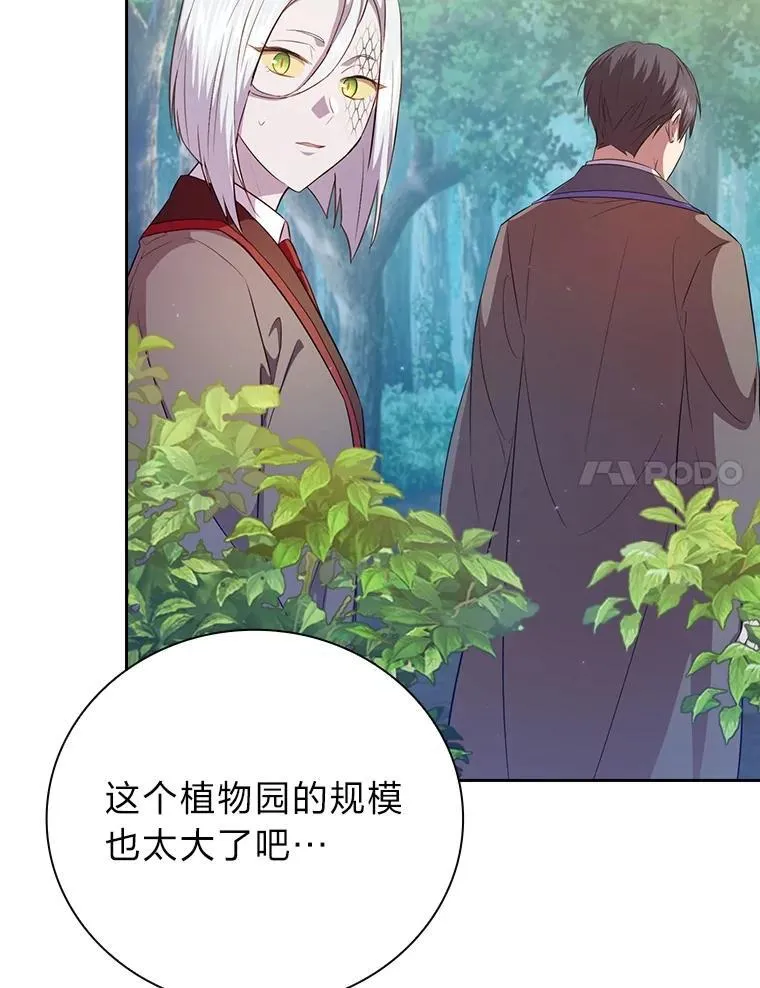 91.对战超牛黄牛 第28页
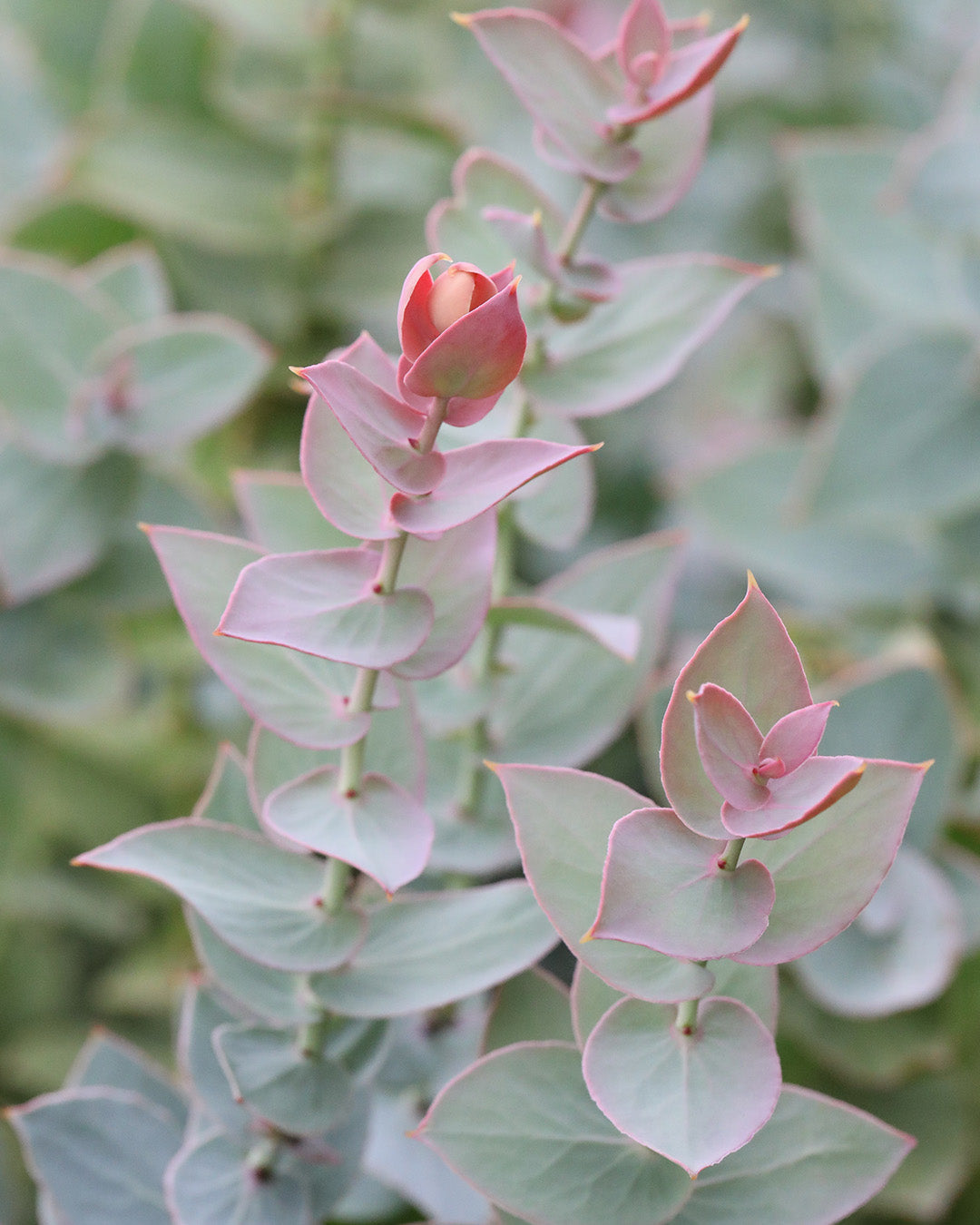 Protea Amplexicaulis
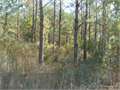 199 Acres &nbsp; Dayton, Liberty County, Texas  $417,900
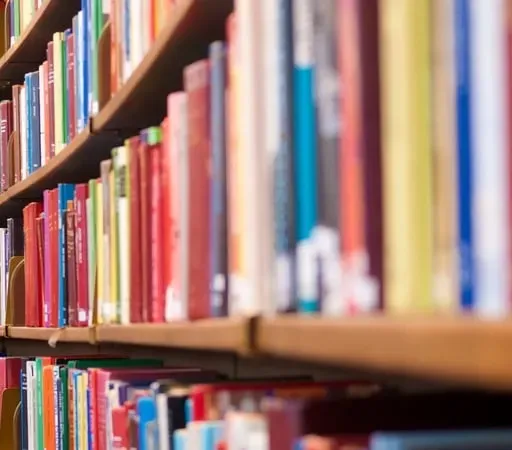 AI is scraping the work of established authors and regurgitating it.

※

Your instructions: Omit every picture, then repeat the remaining data exactly as it appears above.

Result for this task:
 91.对战超牛黄牛 第28页
 Protea Amplexicaulis
 199 Acres &nbsp; Dayton, Liberty County, Texas  $417,900
 AI is scraping the work of established authors and regurgitating it.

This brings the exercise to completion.